OSError – if the file could not be opened.
- get_object_hash(key: str) str [source]#
Return the SHA-256 hash of an object stored under the given key.
Important
A SHA-256 hash should always be returned, to ensure consistency across different repository implementations.
- Parameters:
key – fully qualified identifier for the object within the repository.
- Raises:
FileNotFoundError – if the file does not exist.
OSError – if the file could not be opened.
- has_object(key: str) bool [source]#
Return whether the repository has an object with the given key.
- Parameters:
key – fully qualified identifier for the object within the repository.
- Returns:
True if the object exists, False otherwise.
- abstract has_objects(keys: List[str]) List[bool] [source]#
Return whether the repository has an object with the given key.
- Parameters:
keys – list of fully qualified identifiers for objects within the repository.
- Returns:
list of logicals, in the same order as the keys provided, with value True if the respective object exists and False otherwise.
- abstract initialise(**kwargs) None [source]#
Initialise the repository if it hasn’t already been initialised.
- Parameters:
kwargs – parameters for the initialisation.
- abstract iter_object_streams(keys: List[str]) Iterator[Tuple[str, BinaryIO]] [source]#
Return an iterator over the (read-only) byte streams of objects identified by key.
Note
handles should only be read within the context of this iterator.
- Parameters:
keys – fully qualified identifiers for the objects within the repository.
- Returns:
an iterator over the object byte streams.
- Raises:
FileNotFoundError – if the file does not exist.

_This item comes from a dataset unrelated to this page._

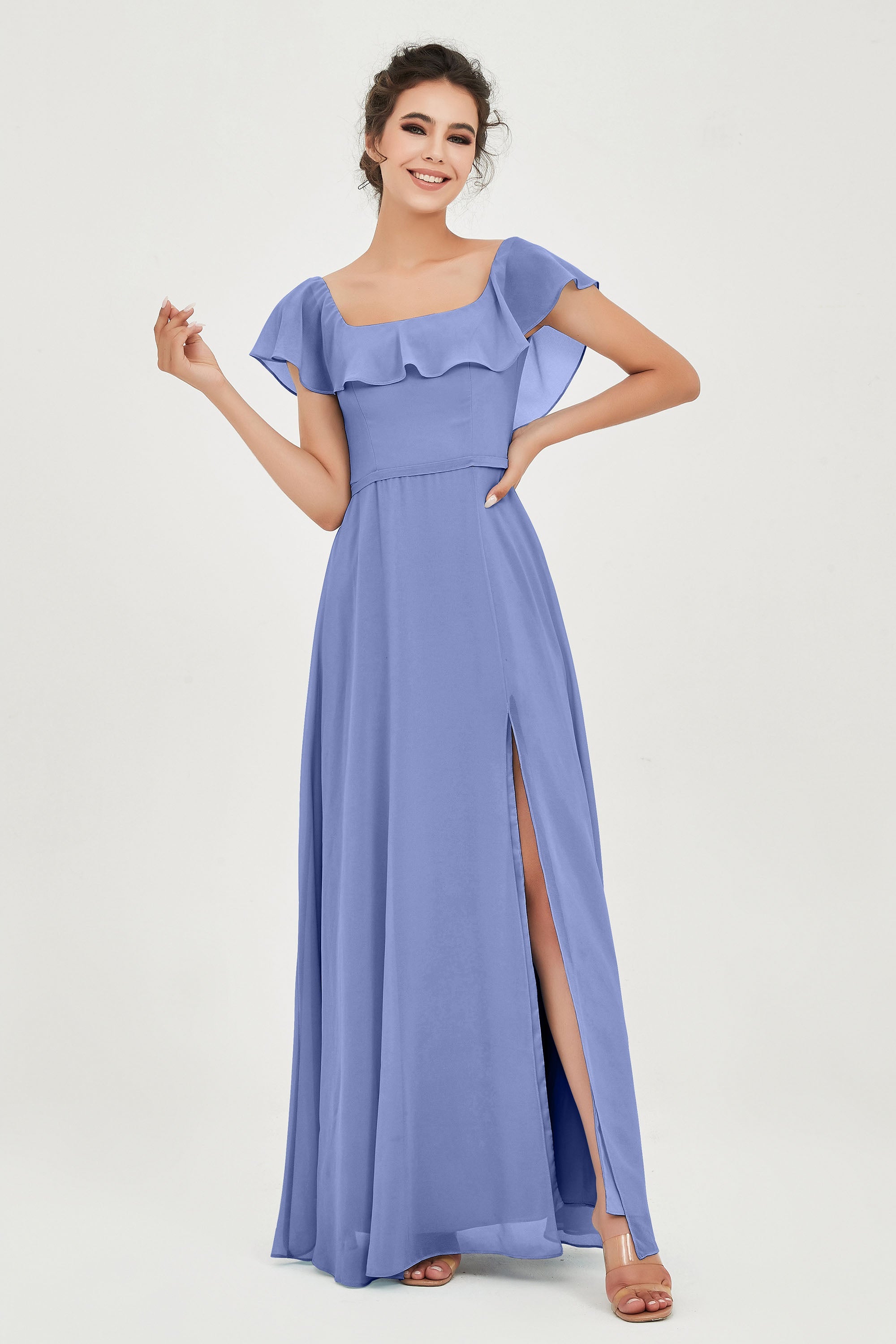 Classic Chiffon A Line Bridesmaid Dress Flutter Sleeves Formal Evening Prom Dresses Gowns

OSError – if a file could not be opened.
- abstract property key_format: str | None#
Return the format for the keys of the repository.
Important for when migrating between backends (e.g. archive -> main), as if they are not equal then it is necessary to re-compute all the Node.base.repository.metadata before importing (otherwise they will not match with the repository).
- abstract list_objects() Iterable[str] [source]#
Return iterable that yields all available objects by key.
- Returns:
An iterable for all the available object keys.
- abstract maintain(dry_run: bool = False, live: bool = True, **kwargs) None [source]#
Performs maintenance operations.
- Parameters:
dry_run – flag to only print the actions that would be taken without actually executing them.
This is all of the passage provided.